A sloop (from Dutch sloep, in turn from French chaloupe) is a sailing boat with a single mast and a fore-and-aft rig. A sloop has only one head-sail: if a vessel has two or more head-sails, the term 'cutter' is used, and its mast may be set further aft than on a sloop.
The most common rig of modern sailboats is the Bermuda-rigged sloop. Typically, a modern sloop carries a mainsail on a boom aft of the mast, with a single loose-footed head-sail (a jib or a genoa jib) forward of the mast.
Sloops are either masthead-rigged or fractional-rigged. On a masthead-rigged sloop, the forestay (on which the headsail is carried) attaches at the top of the mast. The mainsail may be smaller than the headsail, which is then called a genoa jib. On a fractional-rigged sloop, the forestay attaches to the mast at a point below the top, typically 3/4 of the way to top, or perhaps 7/8 or some other fraction. The mast of a fractional-rigged sloop may be placed farther forward; compared to a masthead-rigged sloop, this results in a rather smaller jib relative to the size of the mainsail.

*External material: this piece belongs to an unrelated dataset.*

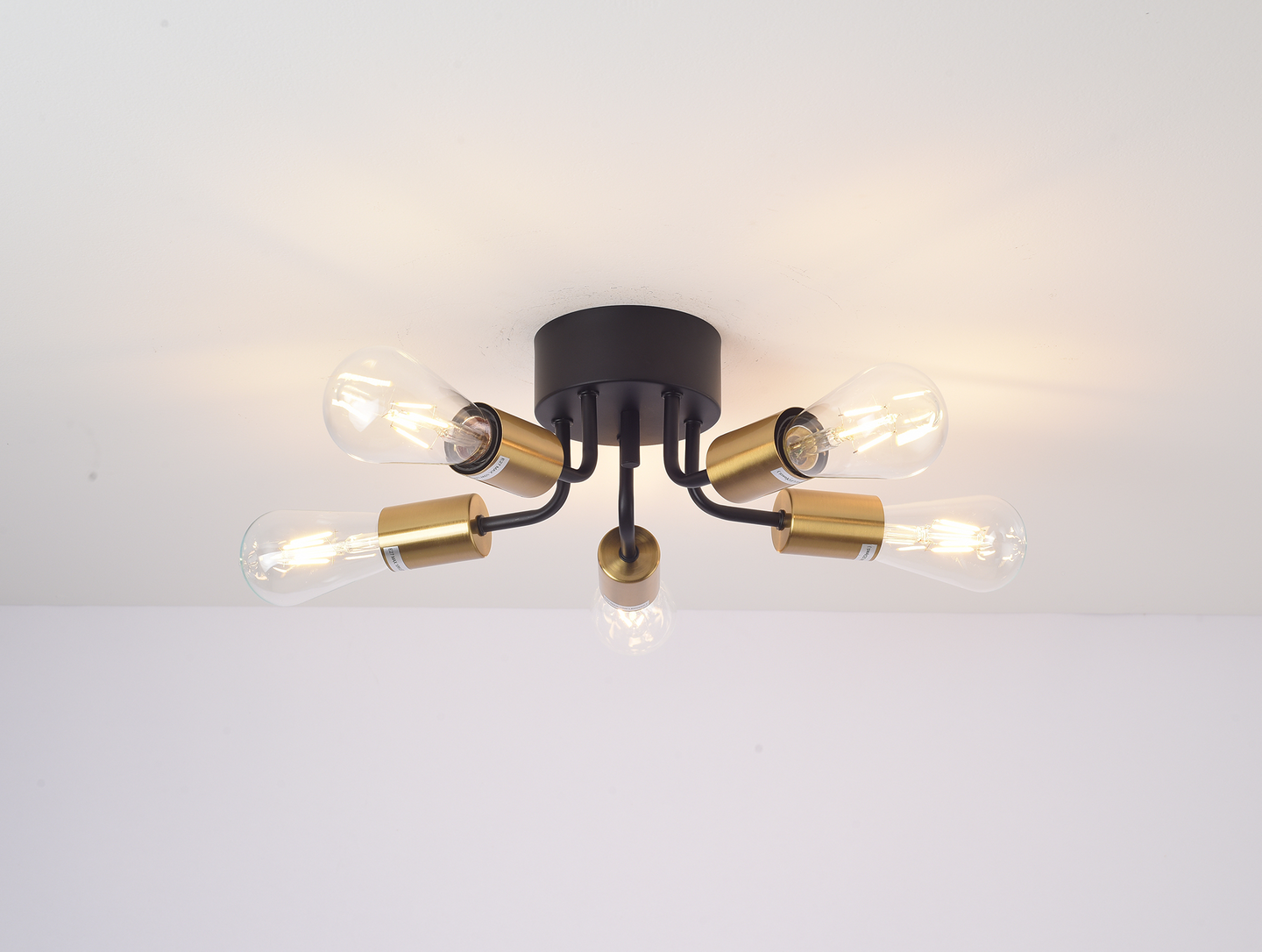 Kattovalaisin Focuslight Marilyn 5xE27 max.40W musta/kulta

After the cat rig, which has only a mainsail, the sloop rig is one of the simpler sailing rig configurations. A sloop typically has two sails, a mainsail and a headsail (known as either a jib or a genoa, depending on size), while the cutter has a mainsail and two or more headsails. Next in complexity are the ketch, the yawl and the schooner, each of which has two masts and a minimum of three sails. A sloop has a simple system of mast rigging — a forestay (connecting the mast to bow), a backstay (mast to stern) and shrouds (mast to sides).